Com o molho pronto, é só misturar todos os ingredientes e servir, sempre com ervas frescas, como coentro e salsão ou, se preferir, salsinha. Geralmente, quando há outros pratos na refeição, calculo um ovo e meio por pessoa. Então, se são duas bocas para comer, uso três ovos; se são três, uso cinco. Quando faço de café da manhã, porém, aumento essa conta porque é tão, tão gostoso que mal consigo parar de comer. Se você também se apaixonar logo na primeira vez que provar, eu vou te entender!
Salada tailandesa de ovos fritos
Ingredients
- 5 ovos, de preferência, de galinhas felizes (em temperatura ambiente)
- 3 colheres (sopa) de óleo ou azeite para fritar
- 2 cenouras descascadas e cortadas em fios
- 1 cebola pequena cortada em meia-lua
- 1/2 xícara de folhas de coentro picadas
- 1/2 xícara de folhas de salsinha ou de salsão picadas
Molho
- 2 colheres (sopa) de molho de peixe ou de shoyu
- 3 colheres (sopa) de caldo de limão
- 1 colher (sopa) de açúcar de coco (ou de palma)
- 1 pimenta dedo-de-moça sem sementes e picadinha
Instructions
Para o molho
- Numa tigela, junte o molho de peixe ou o shoyu, o caldo de limão, o açúcar de coco e a pimenta picadinha. Misture bem e prove. Ajuste os sabores ao seu gosto se for preciso.

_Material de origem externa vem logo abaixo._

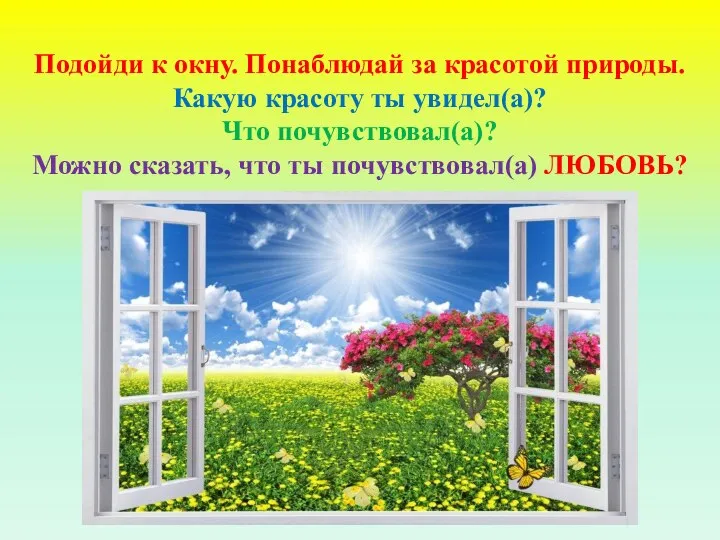 Подойди к окну. Понаблюдай за красотой природы. Какую красоту ты увидел(а)?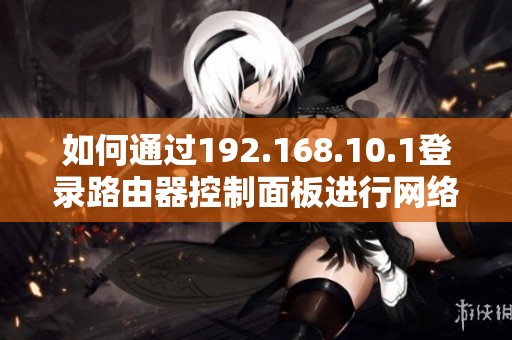 如何通过192.168.10.1登录路由器控制面板进行网络设置和管理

Reserve.
Para os ovos
- Coloque o óleo em uma wok ou frigideira antiaderente e aqueça em fogo alto até o óleo estar quente, mas sem fumaçar. Para acertar o ponto, coloque um hashi de madeira com o lado mais grosso dentro do óleo. Assim que bolhas começarem a se formar ao redor do hashi, está no ponto.
- Quebre os ovos, um a um, numa tigela. Passe-os para a wok com cuidado. Eu sugiro fritar no máximo dois ovos por vez. A clara do ovo deve "chiar" e inchar em contato com o óleo quente. Reduza o fogo para médio.
- Jogue um pouco de óleo sobre as gemas. Quando as beiradas dos ovos estiverem douradas e crocantes, vire-os, com cuidado, para fritarem do outro lado. Para as gemas ficarem ainda cremosas, deixe por até 40 segundos e tire. Deixe os ovos escorrendo sobre papel-toalha enquanto prepara o restante da receita.
Monte a salada
- Escorra o óleo restante na wok e a esquente de novo. Coloque as cenouras cortadas em fios (use uma faca para cortar em tiras bem finas ou um descascador julienne) e as cebolas em meia-lua. Passe os vegetais na wok por cerca de 1 minuto e desligue o fogo. Se preferir os vegetais crus, pule esta etapa.
- Corte os ovos em pedaços médios.
- Numa tigela, junte os vegetais, as ervas frescas, os ovos fritos e cubra com o molho. Misture delicadamente e sirva a seguir.